Exercise requirements: For the entries below, the expected answer is the line with "割引期間に買ったので送料込み約￥10000で買えました。", the line with "Apple watch serie 6 modello nike cassa 44 mm", and every line between them, exactly as written, and nothing more.

(Recorded data)
□ □ □ □ □ □ □

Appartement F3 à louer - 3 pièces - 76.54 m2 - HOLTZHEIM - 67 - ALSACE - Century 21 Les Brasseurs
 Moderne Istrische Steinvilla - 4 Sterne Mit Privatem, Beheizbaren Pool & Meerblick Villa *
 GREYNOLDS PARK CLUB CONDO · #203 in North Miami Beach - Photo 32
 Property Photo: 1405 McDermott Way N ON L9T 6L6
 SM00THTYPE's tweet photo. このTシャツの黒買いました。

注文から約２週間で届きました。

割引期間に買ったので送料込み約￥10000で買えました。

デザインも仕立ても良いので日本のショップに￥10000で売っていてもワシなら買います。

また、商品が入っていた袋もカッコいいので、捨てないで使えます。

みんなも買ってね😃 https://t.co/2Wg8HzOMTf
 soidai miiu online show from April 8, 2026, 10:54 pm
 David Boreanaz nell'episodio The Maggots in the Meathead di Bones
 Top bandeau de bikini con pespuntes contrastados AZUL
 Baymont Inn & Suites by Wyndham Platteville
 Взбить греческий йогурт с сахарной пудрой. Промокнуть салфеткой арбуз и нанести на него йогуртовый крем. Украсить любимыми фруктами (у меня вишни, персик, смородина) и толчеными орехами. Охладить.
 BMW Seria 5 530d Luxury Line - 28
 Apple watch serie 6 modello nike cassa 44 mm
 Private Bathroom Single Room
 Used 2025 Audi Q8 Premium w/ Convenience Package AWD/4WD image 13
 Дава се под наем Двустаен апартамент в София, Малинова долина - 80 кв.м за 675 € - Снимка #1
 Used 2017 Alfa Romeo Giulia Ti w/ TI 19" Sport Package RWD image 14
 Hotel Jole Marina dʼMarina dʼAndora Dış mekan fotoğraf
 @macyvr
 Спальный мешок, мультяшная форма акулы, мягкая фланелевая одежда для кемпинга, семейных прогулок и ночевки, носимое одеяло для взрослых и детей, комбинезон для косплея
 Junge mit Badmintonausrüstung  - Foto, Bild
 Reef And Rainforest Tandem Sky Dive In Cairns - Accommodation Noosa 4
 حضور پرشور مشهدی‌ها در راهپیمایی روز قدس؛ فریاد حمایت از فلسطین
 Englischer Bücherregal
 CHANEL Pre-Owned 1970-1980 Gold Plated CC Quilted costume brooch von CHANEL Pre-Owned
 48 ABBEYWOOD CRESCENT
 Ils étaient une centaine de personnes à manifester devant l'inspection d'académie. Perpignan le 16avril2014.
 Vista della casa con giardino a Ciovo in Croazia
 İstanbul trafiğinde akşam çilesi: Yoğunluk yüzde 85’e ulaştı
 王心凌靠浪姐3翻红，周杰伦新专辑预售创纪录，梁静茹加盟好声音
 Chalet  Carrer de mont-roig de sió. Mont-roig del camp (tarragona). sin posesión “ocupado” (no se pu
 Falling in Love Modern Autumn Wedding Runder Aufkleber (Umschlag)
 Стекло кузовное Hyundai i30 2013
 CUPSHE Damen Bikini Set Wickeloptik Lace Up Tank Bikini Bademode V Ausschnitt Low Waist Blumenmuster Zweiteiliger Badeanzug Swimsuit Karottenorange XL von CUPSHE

□ □ □ □ □ □ □

Response below:
割引期間に買ったので送料込み約￥10000で買えました。

デザインも仕立ても良いので日本のショップに￥10000で売っていてもワシなら買います。

また、商品が入っていた袋もカッコいいので、捨てないで使えます。

みんなも買ってね😃 https://t.co/2Wg8HzOMTf
 soidai miiu online show from April 8, 2026, 10:54 pm
 David Boreanaz nell'episodio The Maggots in the Meathead di Bones
 Top bandeau de bikini con pespuntes contrastados AZUL
 Baymont Inn & Suites by Wyndham Platteville
 Взбить греческий йогурт с сахарной пудрой. Промокнуть салфеткой арбуз и нанести на него йогуртовый крем. Украсить любимыми фруктами (у меня вишни, персик, смородина) и толчеными орехами. Охладить.
 BMW Seria 5 530d Luxury Line - 28
 Apple watch serie 6 modello nike cassa 44 mm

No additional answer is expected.